Answer: Despite tough economic times, Americans are still finding ways to donate to charity. According to the Giving USA Foundation’s Annual Report on Philanthropy, Americans donated $229.3 billion in 2008.
Unfortunately though, there are a number of false charities looking to capitalize on the good nature of those looking to donate their hard earned cash. Thankfully, there are websites out there designed to help you vet charities you’re considering donating to. Here are a few of my favorites:
Charity Navigator: An independent charity evaluator, Charity Navigator offers information on over 5,400 charities in the United States. Charity Navigator assesses charities based on two factors: how responsibly it functions from day to day and how they expect the charity to be able to sustain their programs in the future.

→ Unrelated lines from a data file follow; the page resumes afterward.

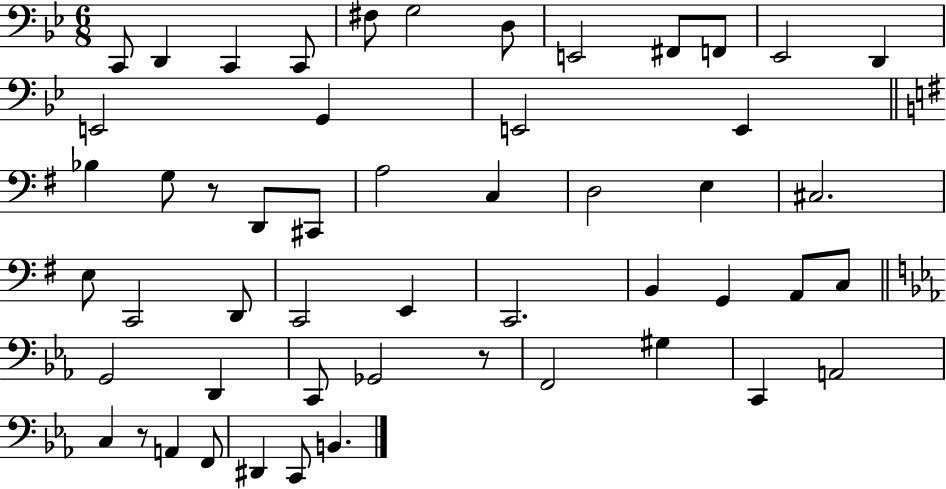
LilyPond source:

{
  \clef bass
  \numericTimeSignature
  \time 6/8
  \key bes \major
  \repeat volta 2 { c,8 d,4 c,4 c,8 | fis8 g2 d8 | e,2 fis,8 f,8 | ees,2 d,4 | \break e,2 g,4 | e,2 e,4 | \bar "||" \break \key e \minor bes4 g8 r8 d,8 cis,8 | a2 c4 | d2 e4 | cis2. | \break e8 c,2 d,8 | c,2 e,4 | c,2. | b,4 g,4 a,8 c8 | \break \bar "||" \break \key ees \major g,2 d,4 | c,8 ges,2 r8 | f,2 gis4 | c,4 a,2 | \break c4 r8 a,4 f,8 | dis,4 c,8 b,4. | } \bar "|."
}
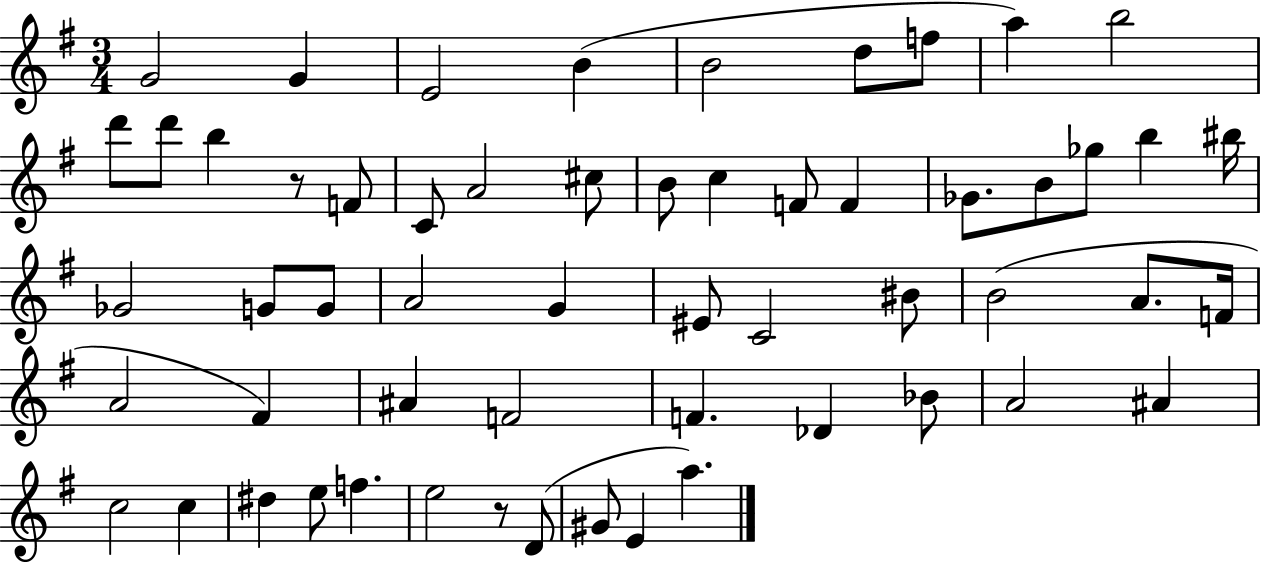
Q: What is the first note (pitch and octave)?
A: G4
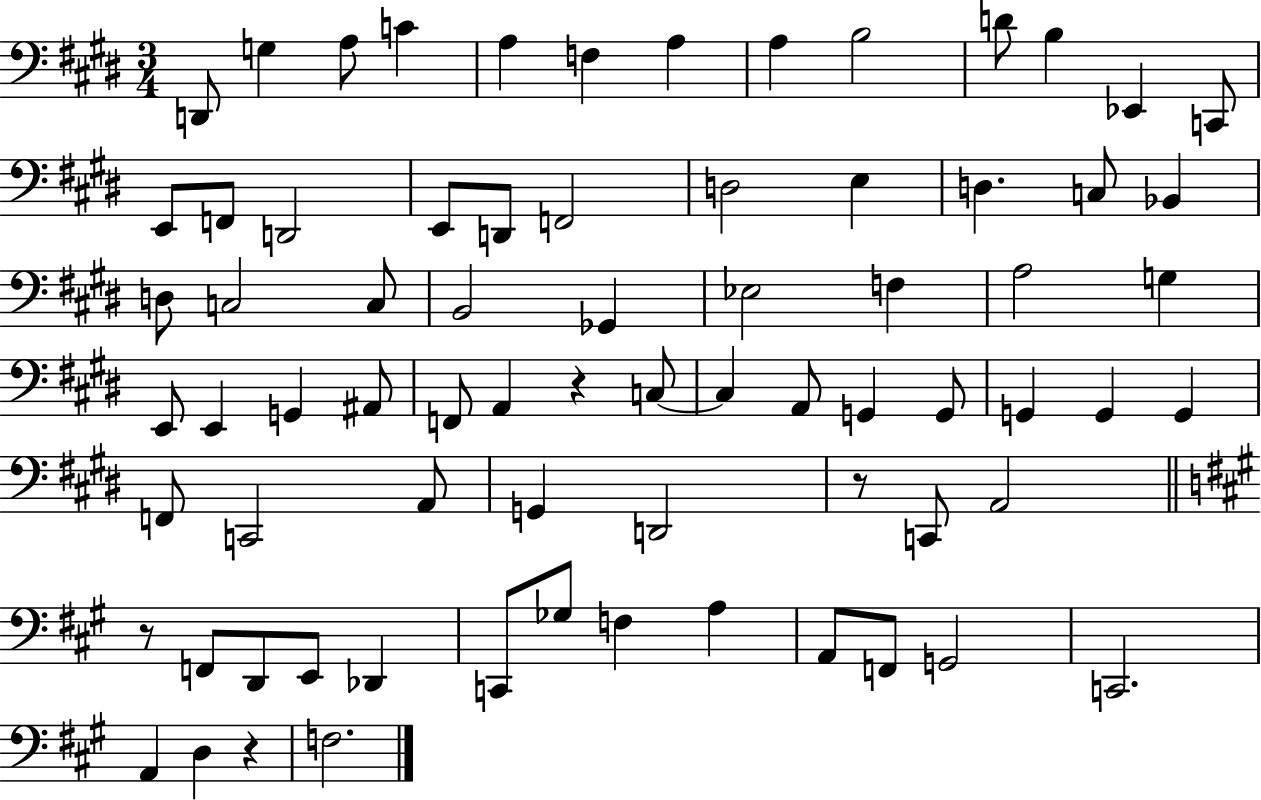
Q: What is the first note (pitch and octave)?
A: D2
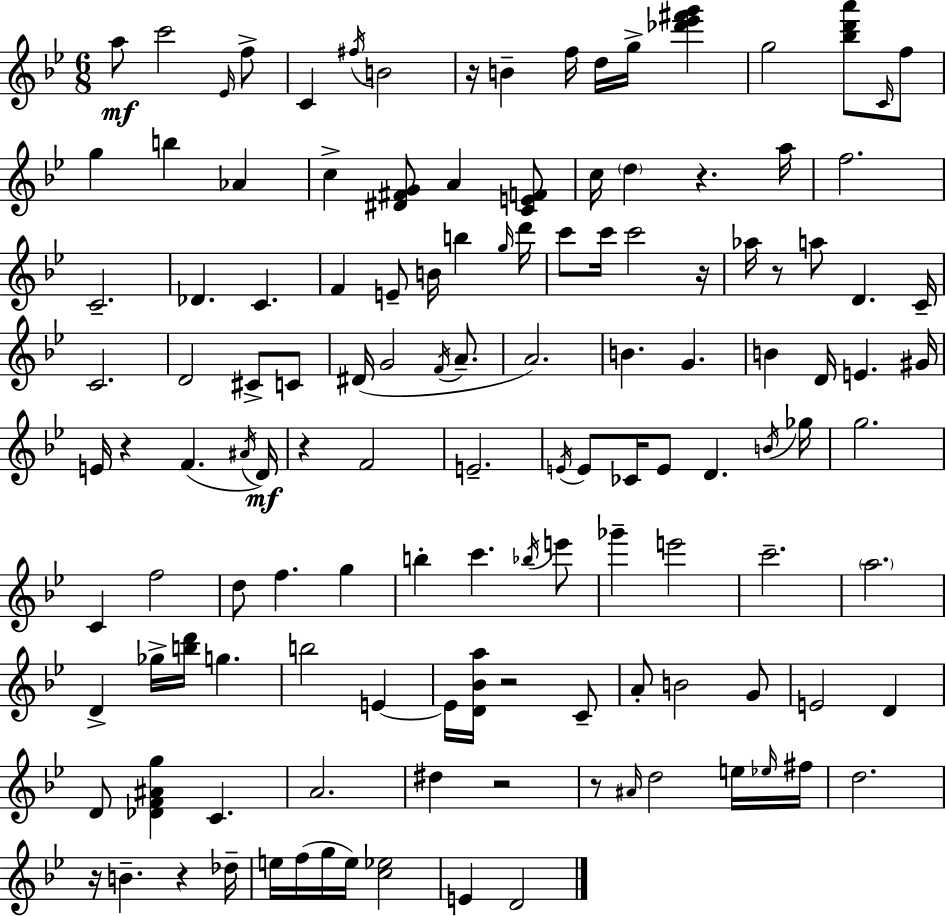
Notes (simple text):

A5/e C6/h Eb4/s F5/e C4/q F#5/s B4/h R/s B4/q F5/s D5/s G5/s [Db6,Eb6,F#6,G6]/q G5/h [Bb5,D6,A6]/e C4/s F5/e G5/q B5/q Ab4/q C5/q [D#4,F#4,G4]/e A4/q [C4,E4,F4]/e C5/s D5/q R/q. A5/s F5/h. C4/h. Db4/q. C4/q. F4/q E4/e B4/s B5/q G5/s D6/s C6/e C6/s C6/h R/s Ab5/s R/e A5/e D4/q. C4/s C4/h. D4/h C#4/e C4/e D#4/s G4/h F4/s A4/e. A4/h. B4/q. G4/q. B4/q D4/s E4/q. G#4/s E4/s R/q F4/q. A#4/s D4/s R/q F4/h E4/h. E4/s E4/e CES4/s E4/e D4/q. B4/s Gb5/s G5/h. C4/q F5/h D5/e F5/q. G5/q B5/q C6/q. Bb5/s E6/e Gb6/q E6/h C6/h. A5/h. D4/q Gb5/s [B5,D6]/s G5/q. B5/h E4/q E4/s [D4,Bb4,A5]/s R/h C4/e A4/e B4/h G4/e E4/h D4/q D4/e [Db4,F4,A#4,G5]/q C4/q. A4/h. D#5/q R/h R/e A#4/s D5/h E5/s Eb5/s F#5/s D5/h. R/s B4/q. R/q Db5/s E5/s F5/s G5/s E5/s [C5,Eb5]/h E4/q D4/h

Guidestar: Guidestar combines information provided by the actual charities with data from several other sources. View a charity’s profile to find out about it’s mission, leaders, goals, programs, accomplishments and needs.
The Better Business Bureau Wise Giving Alliance: A part of the Better Business Bureau, the Wise Giving Alliance produces reports on nationally soliciting charitable organizations. They also publish the Wise Giving Guide, a quarterly report of the Alliance’s latest national charity evaluations. You can get a complimentary copy by clicking here.
The American Institute of Philanthropy: A nonprofit charity watchdog service that researches, evaluates and grades charities across the United States. Some of their information is available online, but with a donation of $40 or more, you’ll receive their Charity Rating Guide and Watchdog Report, which is published tri-annually. You can receive a sample copy of the report for $3 by clicking here.
Once you’ve researched the charity you’d like to donate to through one of the above sites, it’s a good idea to pick up and talk to the charity directly. Here are a few questions that should definitely be asked:
When were you established? When choosing a charity, you’ll want to select one that has a proven track record. If the charity was created recently in response to a major disaster, proceed with caution. “I would say it is very risky to give to a start up nonprofit that is created to respond to a major disaster. Other start ups are a little less risky,” says Charity Navigator’s Vice President of Marketing Sandra Minnuti. “At Charity Navigator we do not rate charities until they have been in existence at least 4 – 5 years. This gives the charity time to get established and for us to have a track record to examine,” she adds.
How much of my donation will go to helping others? According to the American Institute of Philanthropy, in most cases, 60% or more of your donation dollars should go to program services.
Do you have information you can mail me? Almost any legitimate charity will have information they can mail to prospective donors. If the charity you’re talking with doesn’t, consider it a major red flag.
Does the IRS recognize you as a charity? If the charity in question isn’t recognized by the IRS, you wont’ be able to legally claim your donation as a tax deduction. “You want proof of their nonprofit status. You should ask the charity to send you copies of their three most recently filed Forms 990. By law charities are required to provide those filings to anyone making a request in person or in writing,” advises Minnuti.